Political Theater Won’t Work for the Right The January 6 Capitol Hill protest was, in the words of Talleyrand, “worse than a crime, it was a blunder.” By Christopher Roach
https://amgreatness.com/2021/01/08/political-theater-wont-work-for-the-right/
EXCERPT
A sizable cohort of the American Right believes the recent election was stolen, that the government has become loosened from democratic accountability in the form of the deep state, and that the courts have denied millions of Trump voters a proper forum in which to make their case for election fraud. These procedural irregularities have happened amid a long year of hostility to American norms in the name of fighting the coronavirus.
In theory, if ever there was a possible justification for political violence, the combination of bad and hostile governance and a stolen election would loom large.

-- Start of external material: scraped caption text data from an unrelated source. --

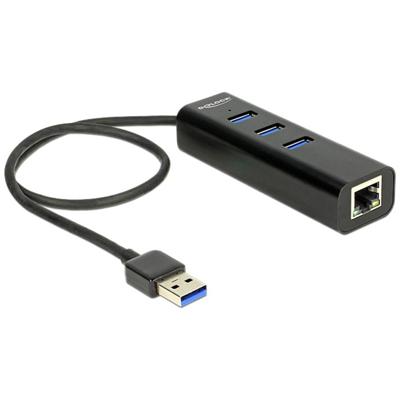 Delock 62653 USB 3.1 Gen 1-hub Zwart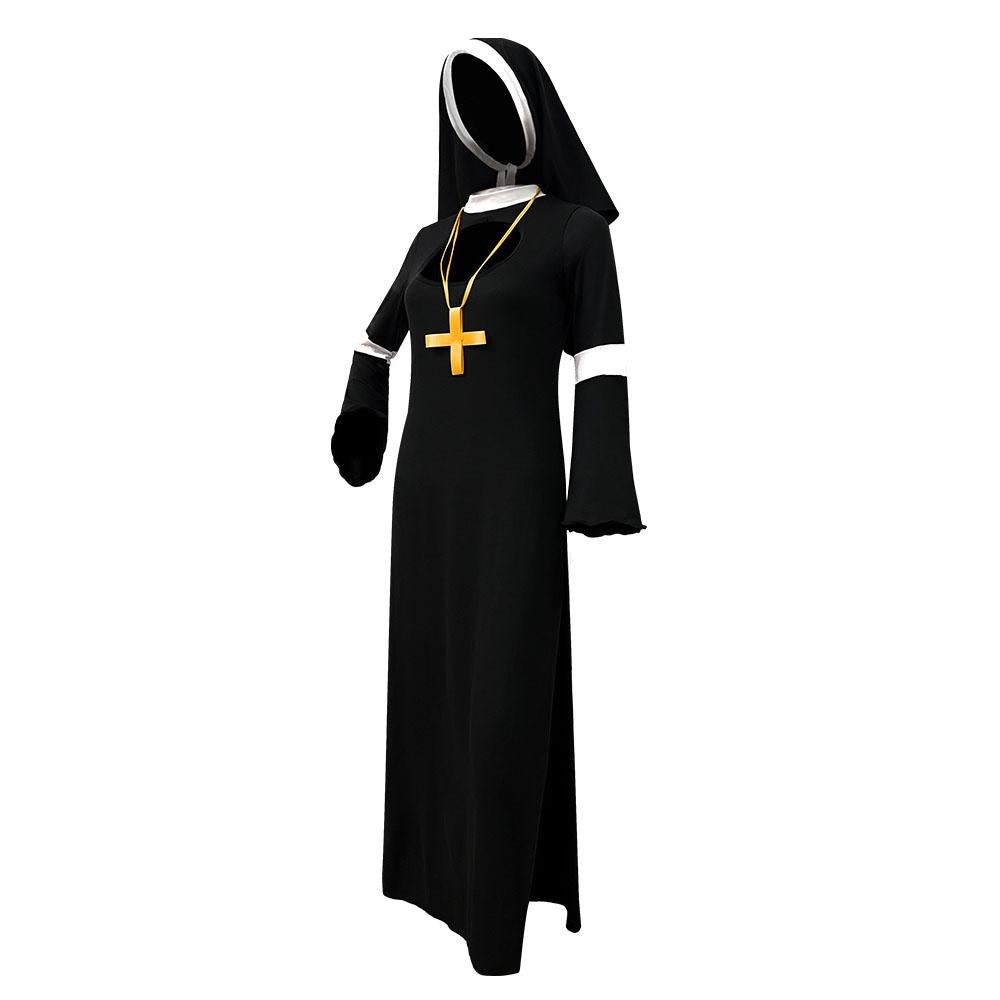 BuyWomen Nun Cosplay Halloween Costume Now Cheaper With 3 - 5 Days Ship - PajamasBuy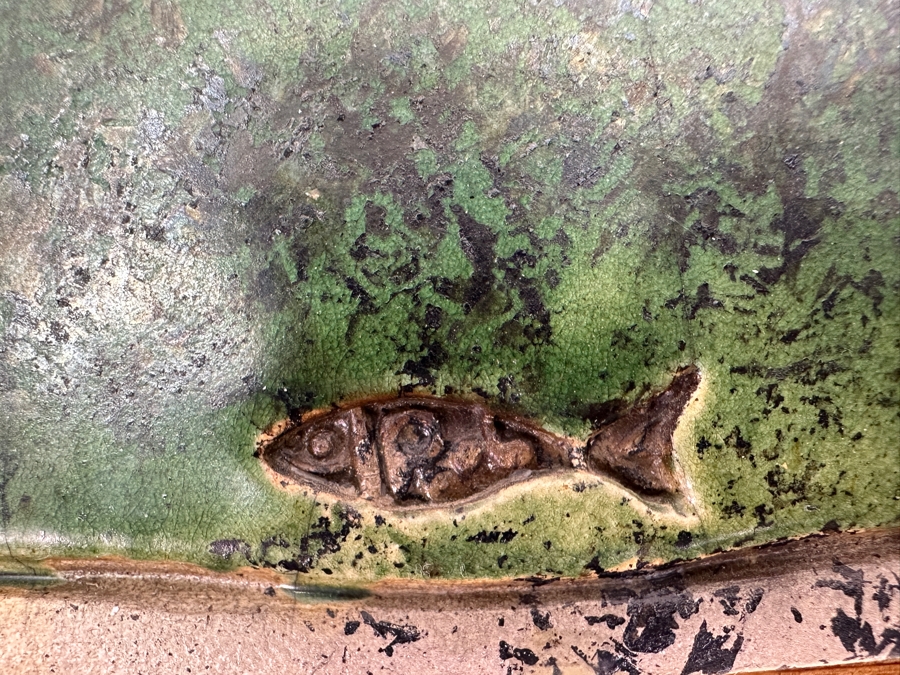 Pacific Northwest Pottery Plaque On Board Signed 12 X 9 [Photo 4]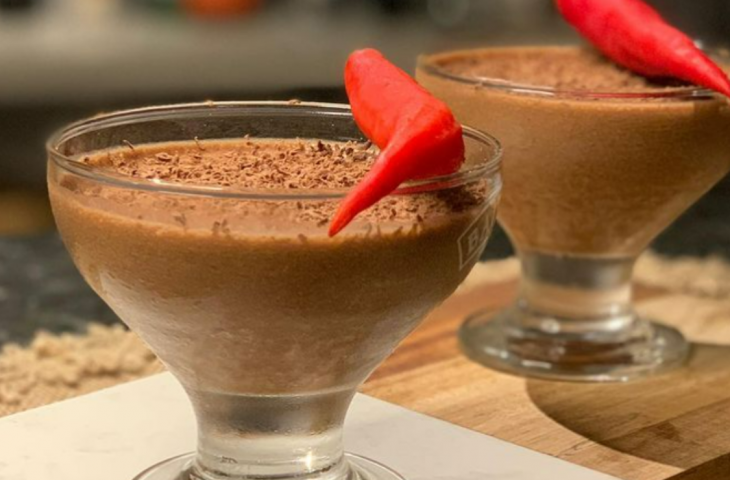 Mousse de chocolate com pimenta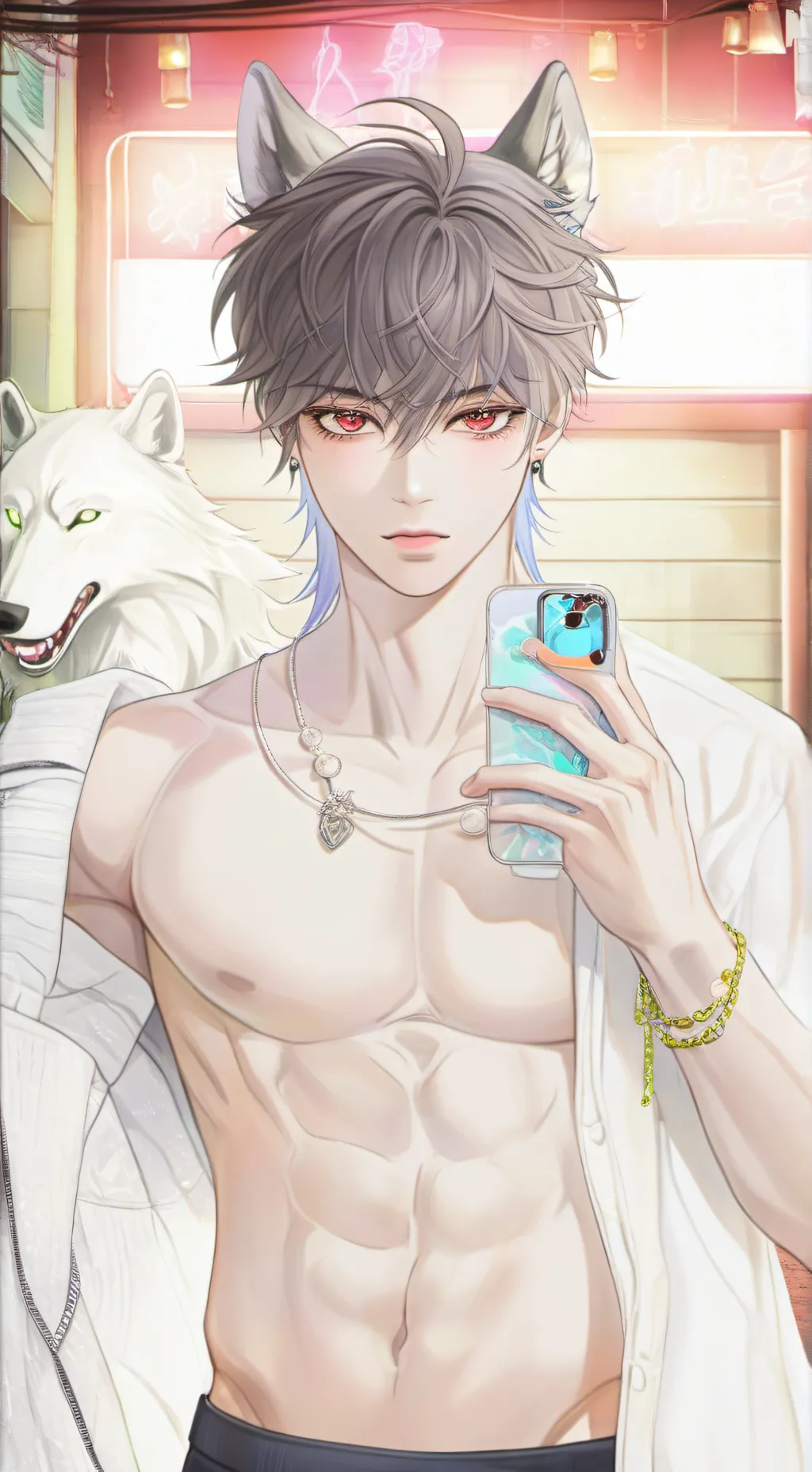 ai character: ash  background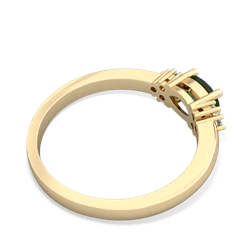 Emerald Simply Elegant East-West 14K Yellow Gold ring R2480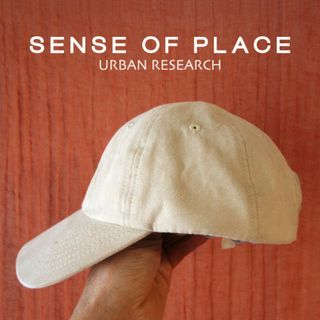 美品　SENSE OF PLACE★　スウェードタッチのベースボールキャップ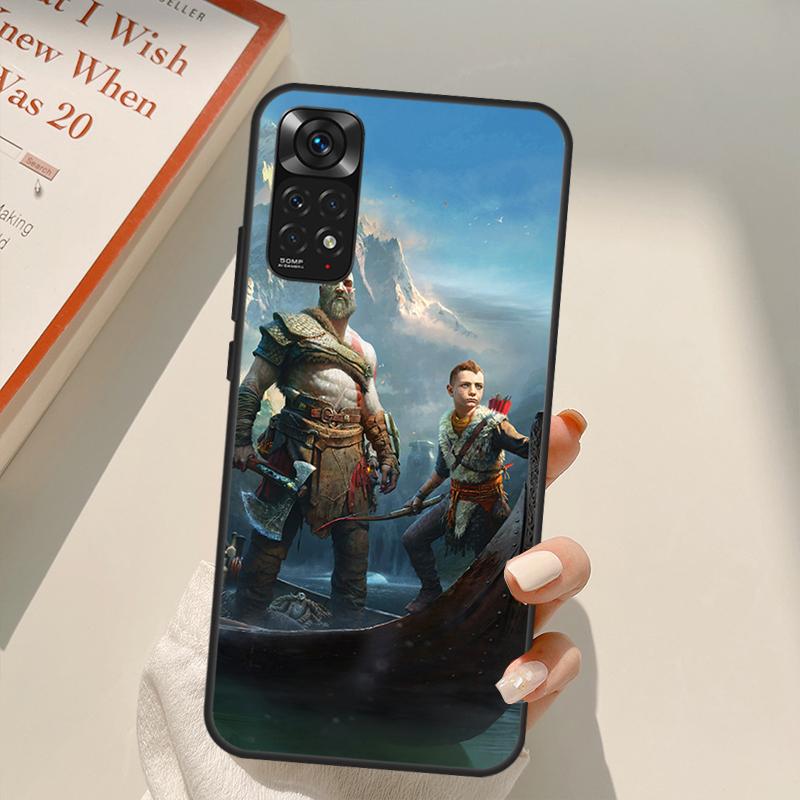 Kratos God of War Case For Xiaomi Redmi Note 11 Pro 8 9 11S 10S 9S Note 10 Pro Cover For Redmi 10 10C 9A 9C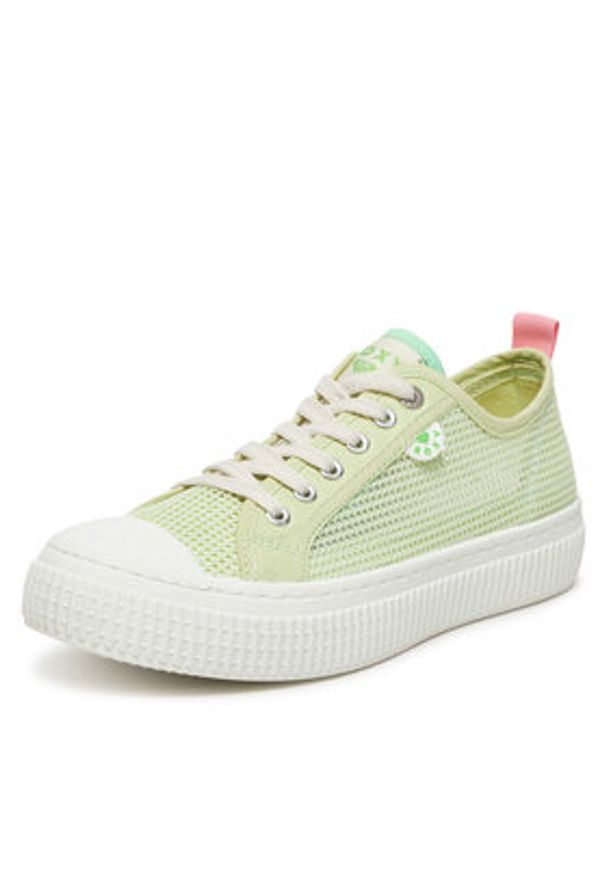 Roxy Trampki V12-908 Zielony. Kolor: zielony. Materiał: materiał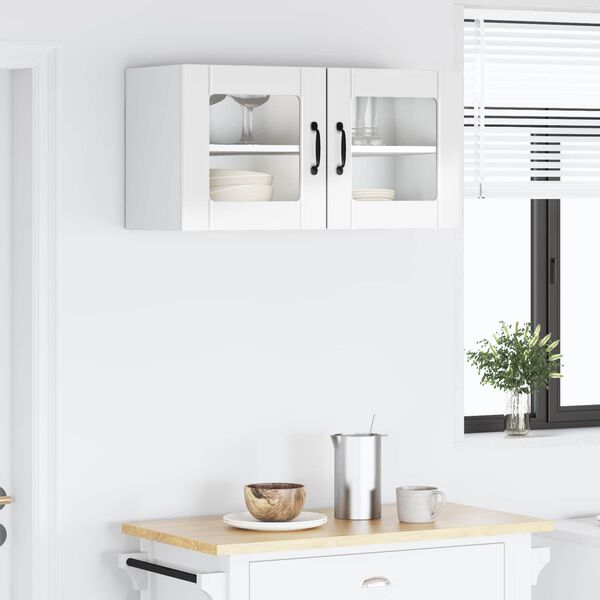 vidaXL Kitchen Cabinet with Shelf High Gloss White 80 x 31 x 40 cm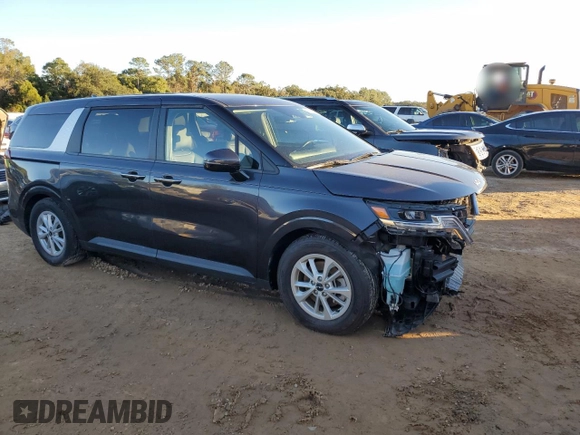 2022 Kia Carnival LXS with VIN KNDNB4H3XN6157819, listed as a Copart auction lot 81251984 with 45,602 mi miles and Salvage Title. Bid and sale history available at carsss.com. Image 4.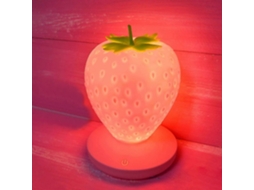Luz Noturna Usb Em Formato De Morango Aquaforge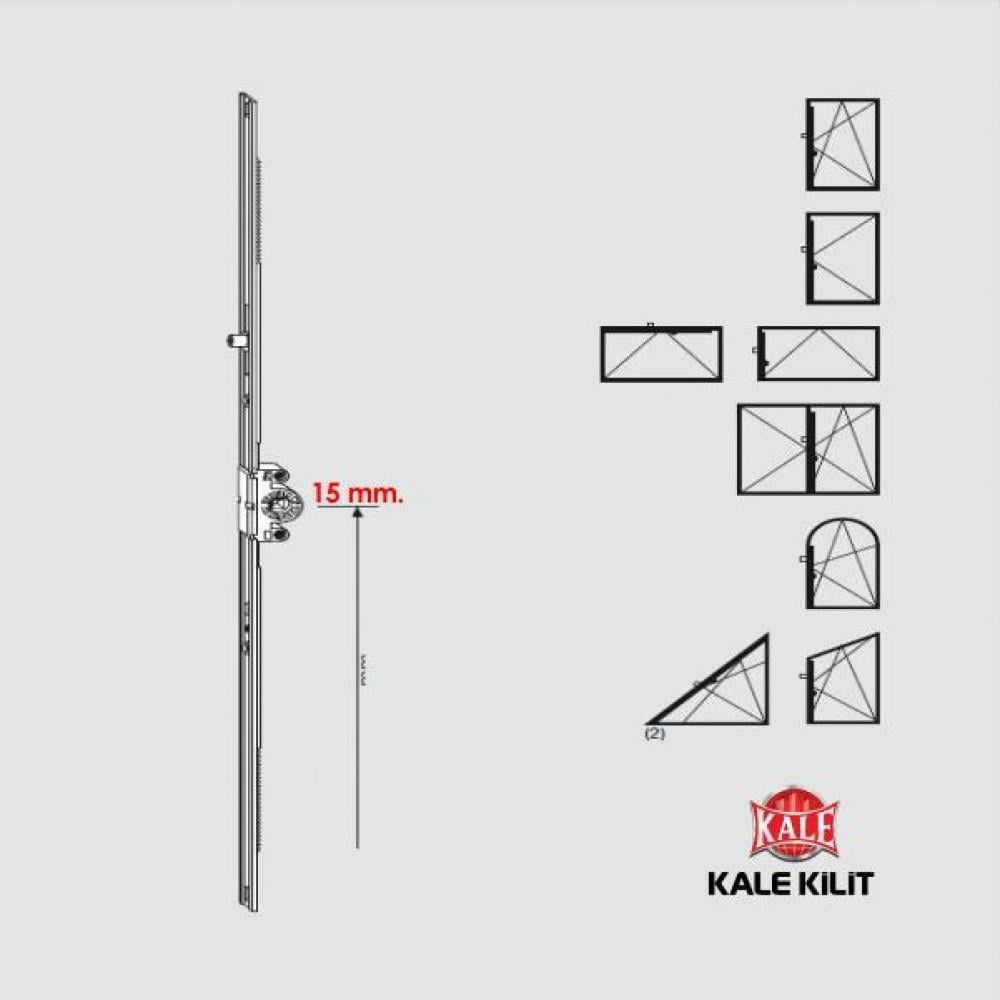 KALE 15 mm Göbek 1601-2000 mm Çift Açılım Ön İspanyoleti (Açıklamayı Mutlaka Okuyunuz)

Looking abroad, this was the basis of the Orange Revolution in Ukraine. Stolen elections have led to extended protests and violence in Venezuela and Iran. After many years of supporting a decrepit aristocracy, the French Revolution ushered in a long and bloody era of instability and violence, which was only arrested by the rise of Napoleon as emperor.
On Good and Bad Tactics
Is the brief occupation of the U.S. Capitol “bad optics?” Certainly in the short term. But there is no reason to believe any right-wing political activity that accomplishes anything will ever be given a fair shake in the “optics” department.
Remember, the Tea Party movement was also condemned as a collection of “terrorists,” and the lawfully elected President Trump was dismissed as illegitimate even before he took office. Excessive concern for optics is a fool’s errand.
But this does not justify wasteful and costly efforts. One problem with recent events is that they are the right-wing equivalent of the “guerilla theater” that the Left has employed since the 1960s. The reason this is a good tactic for the Left and a bad one for the Right is that the Left finds institutional support from the media, big business, and other institutions of power. Theatrical political violence does not work unless it finds such support.
We know the media and the establishment selectively condemn violence and political activity—even elections—based on their results and their goals. There’s a reason the brief occupation of the U.S. Capitol will be treated as something far worse than, say, the murder of five Dallas police officers in the name of Black Lives Matter.
One wonders what the plan was with these protests? It appears to be something like: get lots of people to D.C. . . . something, something . . . Trump gets elected?!? Congress will now go about its business and allow the Electoral College to select Biden. Questions about the election will now be intertwined with the actions of the cast of characters who stormed the U.S. Capitol. Trump worked his supporters into a frenzy and then sat back at the White House after promising to march with them. He (or possibly Vice President Pence) eventually called in the National Guard to go after his own supporters.
Violence, justified or not, is risky. Antifa at least has the good sense to wear masks. Right-wing protestors were taking selfies. One expects some of the exuberant protesters and trespassers will be given prison sentences. A young lady, Ashli Babbitt, was shot and killed. This is not a game—it’s serious business. But it’s being treated like street theater, even though, unlike the denizens of CHAZ in Seattle and the rioters in Minneapolis, everyone involved can expect the book to be thrown at them.
One gets the sense that all the BLM protests over the summer were designed to encourage some right-wing maniac to go on a shooting spree. Then that would be the story and the justification for repression and, retroactively, for the riots themselves. The Right, for the most part, steered clear. This was a wise choice.